GIVEN RECORDS —
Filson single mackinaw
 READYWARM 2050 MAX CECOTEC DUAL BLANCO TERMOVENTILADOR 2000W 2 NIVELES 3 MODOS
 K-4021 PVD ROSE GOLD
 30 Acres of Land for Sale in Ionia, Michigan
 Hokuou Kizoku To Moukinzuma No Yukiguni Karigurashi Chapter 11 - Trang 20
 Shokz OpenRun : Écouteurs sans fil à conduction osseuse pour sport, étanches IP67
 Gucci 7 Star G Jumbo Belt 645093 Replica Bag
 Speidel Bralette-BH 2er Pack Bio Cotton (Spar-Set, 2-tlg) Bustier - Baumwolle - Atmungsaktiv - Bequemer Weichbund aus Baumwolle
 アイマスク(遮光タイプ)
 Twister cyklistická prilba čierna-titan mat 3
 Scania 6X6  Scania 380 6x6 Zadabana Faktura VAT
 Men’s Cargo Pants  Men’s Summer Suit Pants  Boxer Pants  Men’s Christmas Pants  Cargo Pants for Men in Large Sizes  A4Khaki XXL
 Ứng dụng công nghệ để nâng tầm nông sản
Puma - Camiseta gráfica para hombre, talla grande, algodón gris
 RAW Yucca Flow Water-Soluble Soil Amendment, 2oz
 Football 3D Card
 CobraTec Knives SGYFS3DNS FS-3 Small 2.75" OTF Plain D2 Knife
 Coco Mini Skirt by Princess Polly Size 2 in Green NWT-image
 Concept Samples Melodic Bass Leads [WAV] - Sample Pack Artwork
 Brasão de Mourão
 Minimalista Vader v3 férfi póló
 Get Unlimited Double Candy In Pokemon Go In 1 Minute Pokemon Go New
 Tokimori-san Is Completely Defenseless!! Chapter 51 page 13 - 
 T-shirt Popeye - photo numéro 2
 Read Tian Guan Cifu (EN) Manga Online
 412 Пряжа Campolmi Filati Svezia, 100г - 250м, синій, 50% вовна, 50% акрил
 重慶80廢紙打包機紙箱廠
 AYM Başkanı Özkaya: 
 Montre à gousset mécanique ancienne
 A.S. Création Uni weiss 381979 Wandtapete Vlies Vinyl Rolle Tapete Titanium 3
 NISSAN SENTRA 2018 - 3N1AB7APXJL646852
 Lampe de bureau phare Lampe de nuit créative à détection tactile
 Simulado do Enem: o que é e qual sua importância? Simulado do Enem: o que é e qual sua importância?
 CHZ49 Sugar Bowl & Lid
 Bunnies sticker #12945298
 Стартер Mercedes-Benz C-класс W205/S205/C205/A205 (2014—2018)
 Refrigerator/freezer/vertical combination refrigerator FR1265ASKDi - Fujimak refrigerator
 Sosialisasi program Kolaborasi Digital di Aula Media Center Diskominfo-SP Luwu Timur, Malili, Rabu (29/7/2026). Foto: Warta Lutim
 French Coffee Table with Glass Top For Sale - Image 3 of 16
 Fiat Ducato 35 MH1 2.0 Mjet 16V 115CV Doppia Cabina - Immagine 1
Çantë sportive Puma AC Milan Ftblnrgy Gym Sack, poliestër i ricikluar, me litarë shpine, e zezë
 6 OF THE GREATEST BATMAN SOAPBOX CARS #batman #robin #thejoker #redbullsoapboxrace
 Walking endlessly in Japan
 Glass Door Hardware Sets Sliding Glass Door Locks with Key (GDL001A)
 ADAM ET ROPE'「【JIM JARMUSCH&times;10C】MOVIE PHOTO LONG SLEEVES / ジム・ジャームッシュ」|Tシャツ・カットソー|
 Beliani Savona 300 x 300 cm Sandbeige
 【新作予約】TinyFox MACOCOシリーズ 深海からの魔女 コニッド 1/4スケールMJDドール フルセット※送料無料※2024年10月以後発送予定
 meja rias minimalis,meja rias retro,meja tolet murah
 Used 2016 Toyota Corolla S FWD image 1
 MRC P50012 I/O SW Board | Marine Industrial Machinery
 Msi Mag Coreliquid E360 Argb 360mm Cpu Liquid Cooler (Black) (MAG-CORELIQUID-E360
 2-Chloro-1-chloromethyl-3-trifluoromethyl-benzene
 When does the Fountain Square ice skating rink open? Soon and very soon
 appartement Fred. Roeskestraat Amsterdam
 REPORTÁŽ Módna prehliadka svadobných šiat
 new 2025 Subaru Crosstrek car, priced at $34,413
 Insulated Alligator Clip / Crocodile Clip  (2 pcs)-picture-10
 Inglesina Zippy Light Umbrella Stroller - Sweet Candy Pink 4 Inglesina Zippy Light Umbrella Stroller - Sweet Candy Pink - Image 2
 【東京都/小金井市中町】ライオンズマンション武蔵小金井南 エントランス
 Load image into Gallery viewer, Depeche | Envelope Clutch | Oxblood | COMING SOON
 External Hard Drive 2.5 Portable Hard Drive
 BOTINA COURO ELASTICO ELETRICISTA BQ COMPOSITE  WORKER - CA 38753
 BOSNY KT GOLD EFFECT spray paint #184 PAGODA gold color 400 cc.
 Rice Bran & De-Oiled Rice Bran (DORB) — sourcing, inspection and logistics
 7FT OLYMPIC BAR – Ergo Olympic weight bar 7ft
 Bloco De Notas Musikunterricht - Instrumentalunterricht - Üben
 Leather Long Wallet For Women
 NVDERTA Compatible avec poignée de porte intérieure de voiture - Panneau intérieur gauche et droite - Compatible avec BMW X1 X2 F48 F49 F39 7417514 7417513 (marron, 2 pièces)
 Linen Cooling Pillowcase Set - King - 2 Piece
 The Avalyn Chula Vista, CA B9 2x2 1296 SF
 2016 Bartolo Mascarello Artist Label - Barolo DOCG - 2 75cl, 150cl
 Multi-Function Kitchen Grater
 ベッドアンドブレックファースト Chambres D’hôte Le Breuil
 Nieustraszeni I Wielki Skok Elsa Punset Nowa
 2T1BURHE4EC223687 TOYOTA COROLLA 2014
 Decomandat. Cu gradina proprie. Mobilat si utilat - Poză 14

PROBLEM REQUIREMENTS —
Check every line above for the word "Candy" and copy those that have it.

RESPONSE AREA —
 Get Unlimited Double Candy In Pokemon Go In 1 Minute Pokemon Go New
 Inglesina Zippy Light Umbrella Stroller - Sweet Candy Pink 4 Inglesina Zippy Light Umbrella Stroller - Sweet Candy Pink - Image 2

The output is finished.